Do you know this Sunday evening feeling: you planned to do so much work this weekend, you miserably failed, but you’re exhausted anyway? Well, you definitely do if you’re a PhD student. My body and mind are too tired for any activity other than coin flipping. I specialise in probability and stats in the end!
Actually no, I’m too tired to even throw the coin myself. I’ll watch my special assistants, the shy Hedgehog and the keen Raccoon playing a game. The rules are easy: each of them flips a fair coin, Hedgehog wins when the first sequence HH appears, while Raccoon is waiting for HT (H stands for heads, T for tails).
The game should be fair, as the probability of getting HH in two coin flips is ¼, the same goes for HT. Why? Coin flips are independent, which means that the result of a coin flip doesn’t depend on previous flips. Thus the chance of getting H in the first flip is ½, in the second flip – also ½. As the same concerns tails, both HH and HT are equally likely to occur in two coin flips.

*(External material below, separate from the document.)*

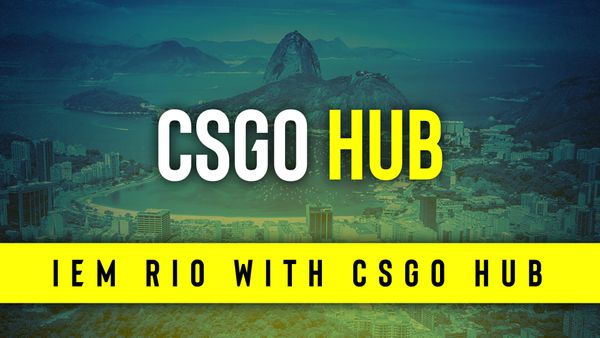 Win $5,000 in awesome prizes during IEM Rio with CSGO HUB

Unfortunately our poor Hedgehog keeps losing. If the game really was fair, we’d expect both players to win more or less half of the time. She gets upset and asks me, the mathematician, to explain what’s happening.
We want to estimate how long, on average, both players should wait for their sequence. Let’s draw some pictures to see what’s happening. Disclaimer: I almost failed my art classes. Plus I’m tired. Plus Picasso wasn’t successful in the beginning either.

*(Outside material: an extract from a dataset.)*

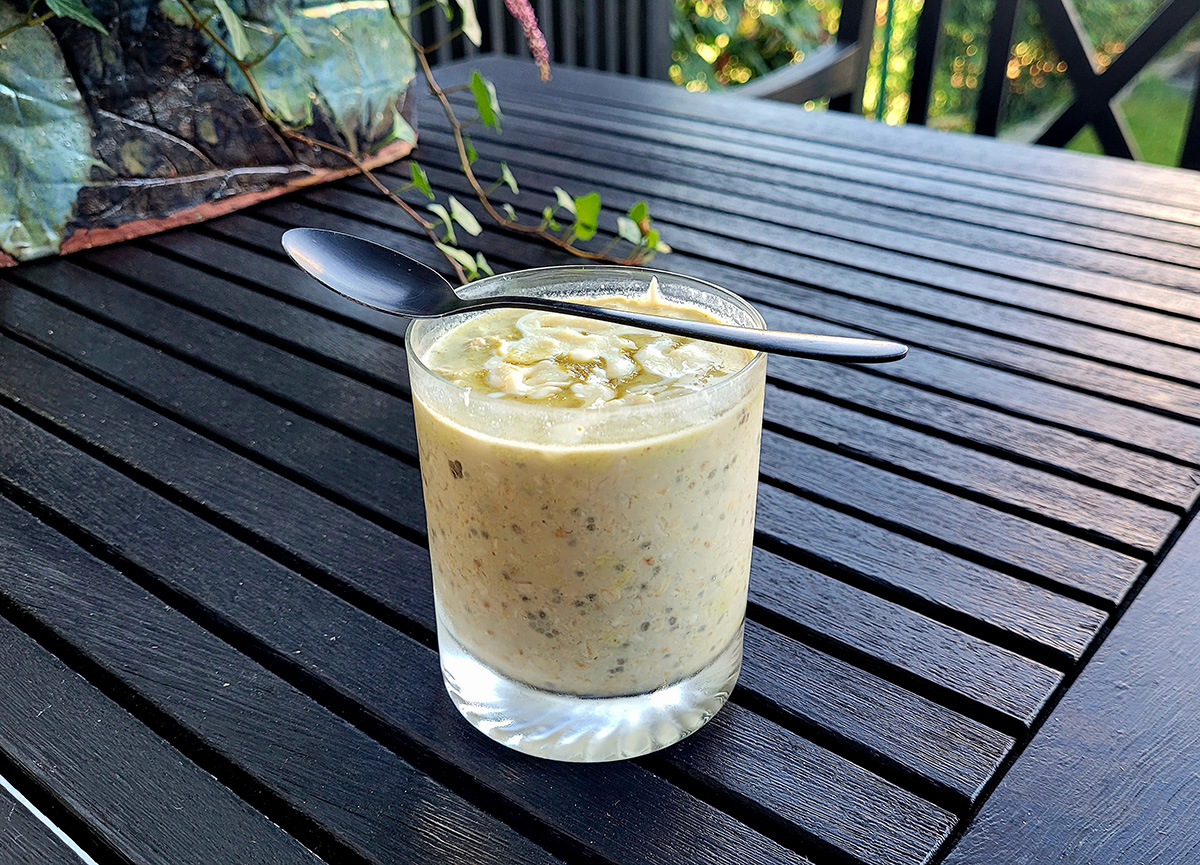 Pistacjowe płatki owsiane (nocne) - All Around Me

The pictures present possible ways of getting HH (top) or HT (bottom). H and T represent the current state, so the last coin flip. Each arrow shows the transition, for example an arrow between H and T means that we flipped H and than T. Notice that from each state we draw two arrows, because we have a 50:50 chance of getting a tail or a head in each coin flip. Since each arrow corresponds to one coin flip, with each transition we add one to the expected number of flips before getting the desired sequence. I marked the “good” transitions (so the transitions that make us closer to our final sequence) with green, while the “bad” ones with red.
Are you with me so far?
Look at these two pictures. They aren’t the same! This is the first indication that the game might not be as fair as we thought. In the left picture you can see that if our Hedgehog is in the state H, she either flips H and wins or flips T and has to start from scratch. On the other hand, the right picture shows that when Raccoon is in the state H, he either flips T and wins or flips H and is still half-way through his sequence. What a sneaky Raccoon!

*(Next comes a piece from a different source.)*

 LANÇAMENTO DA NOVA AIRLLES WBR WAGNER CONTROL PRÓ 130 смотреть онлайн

Now we understand intuitively why Hedgehog is upset. If it’s enough for you, skip the rest of the post (and have a good night!). If you’d like to know how long both players should expect to wait for their sequence, let’s compute together the expected value of coin flips before reaching each sequence.
A while ago I already explained what we mean by expected value, check out this post if you need a refresher. Let’s start with Hedgehog. I’ll denote by E[N] the expected number of flips before reaching HH. You can follow all the steps in the diagrams.
If in the first flip we get T, we don’t get any closer to our goal, so we have to wait E[N] more flips. If the first flip gives us H, we have 50:50 chance for these possibilities:
- we flip H again and win in 2 flips;
- we flip T and are back to the beginning, so we have to wait E[N] more flips.
Since all these events happen with probability ½, we’re left with the equation: E[N]=½*(E[N]+1)+½*(½*2+½*(E[N]+2)). One equation, one unknown, so we solve it and get E[N]=6.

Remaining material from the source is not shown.